_Task requirements_: Only the lines from the one containing "1 Set Di Strumenti" through the last line of the data below belong in your answer, copied exactly and without pictures.

_Exercise materials_:
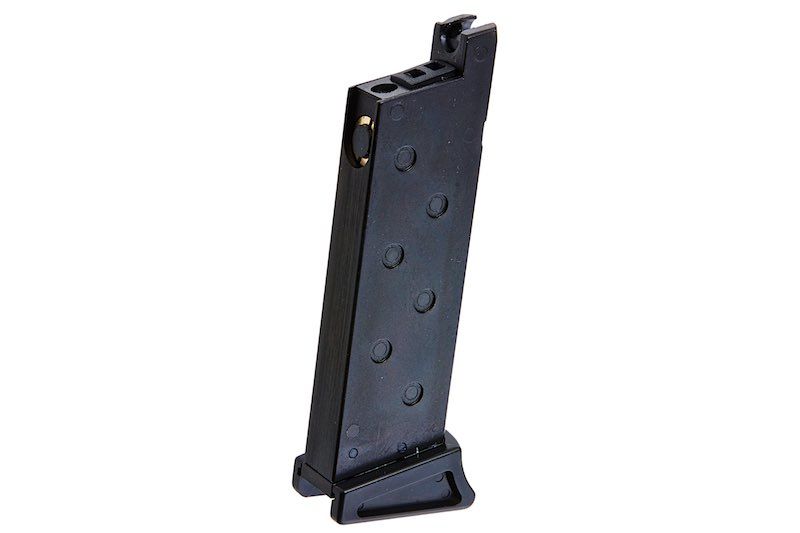 Maruzen PPK 18rd Magazine (2024) - Black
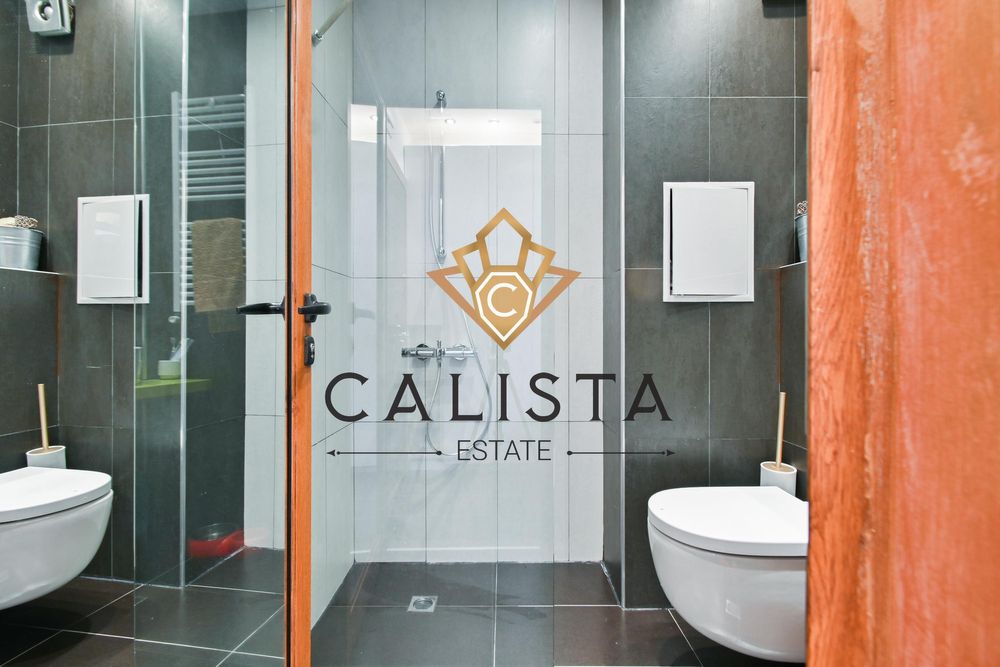 Продава се Едностаен апартамент в София, Манастирски ливади - 45 кв.м за 2335 €/кв.м - Снимка #8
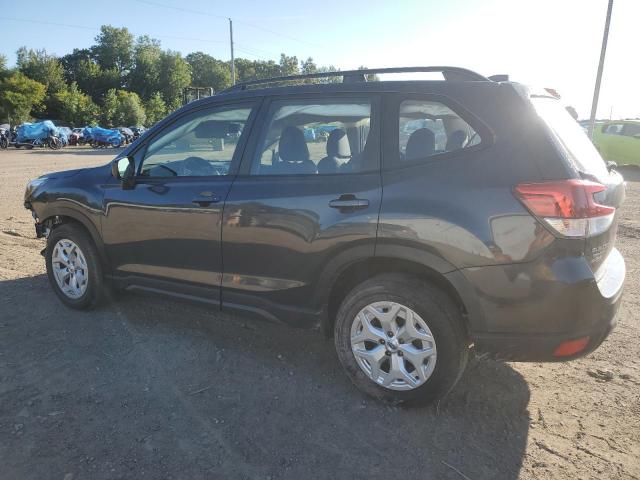 2019 SUBARU FORESTER JF2SKACC0KH451661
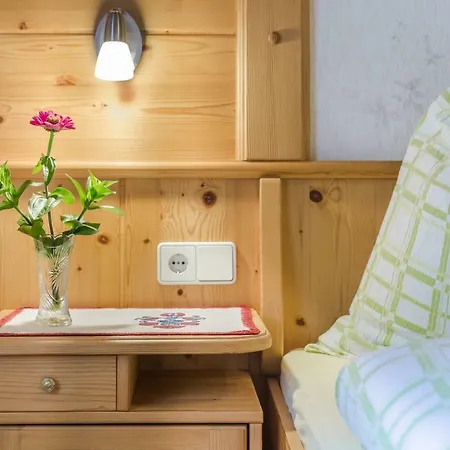 Stabentheiner-hof ファームステイ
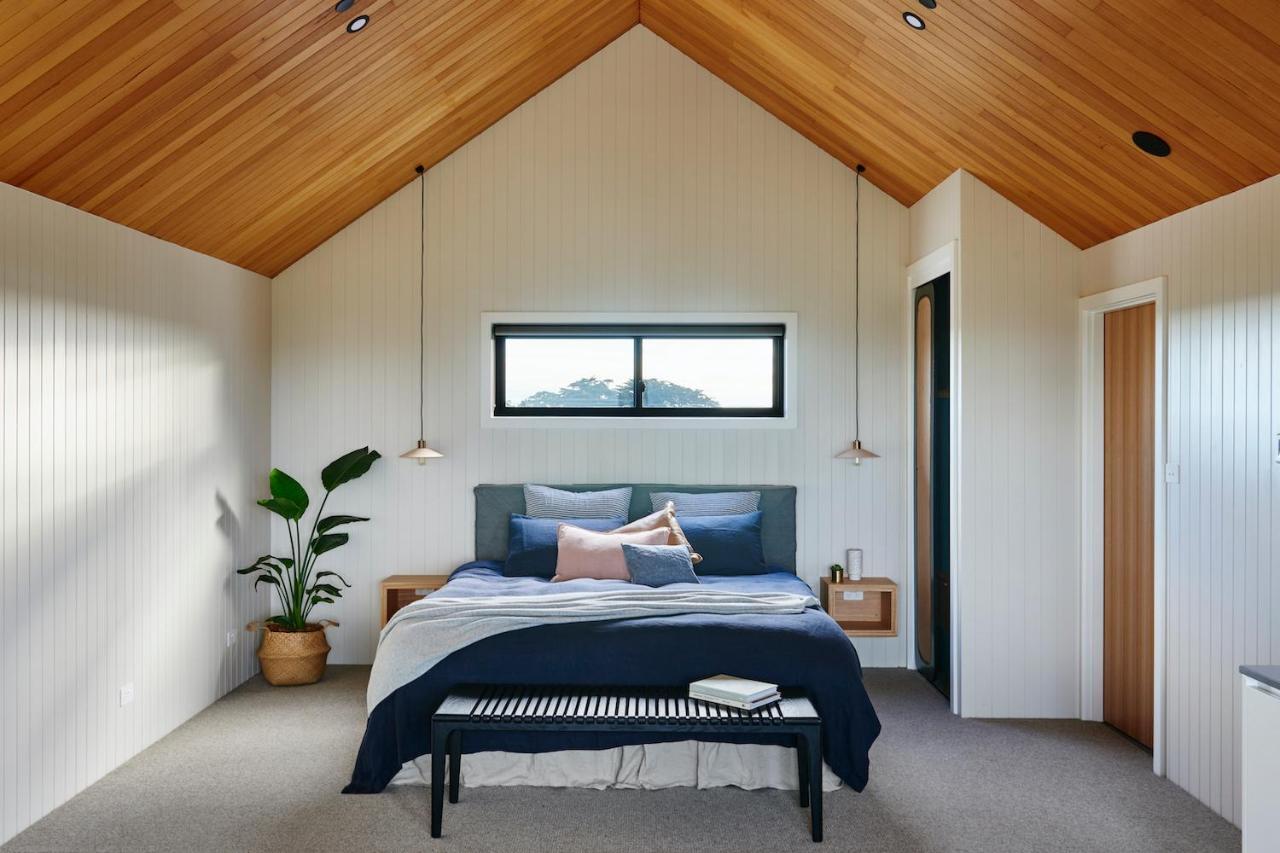 Lon Retreat Hotel Point Lonsdale Bagian luar foto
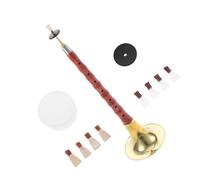 1 Set Di Strumenti A Fiato Per Principianti Suona Suona Professionale Suona Cinese D Key Suona (Color : C Key)
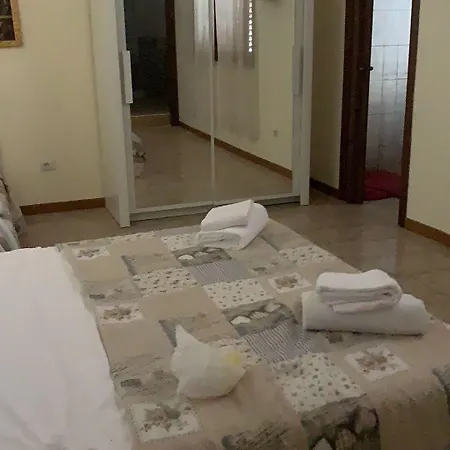 Casa Del Cavaliere 3* سيراكوزا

_Task solution_:
 1 Set Di Strumenti A Fiato Per Principianti Suona Suona Professionale Suona Cinese D Key Suona (Color : C Key)
 Casa Del Cavaliere 3* سيراكوزا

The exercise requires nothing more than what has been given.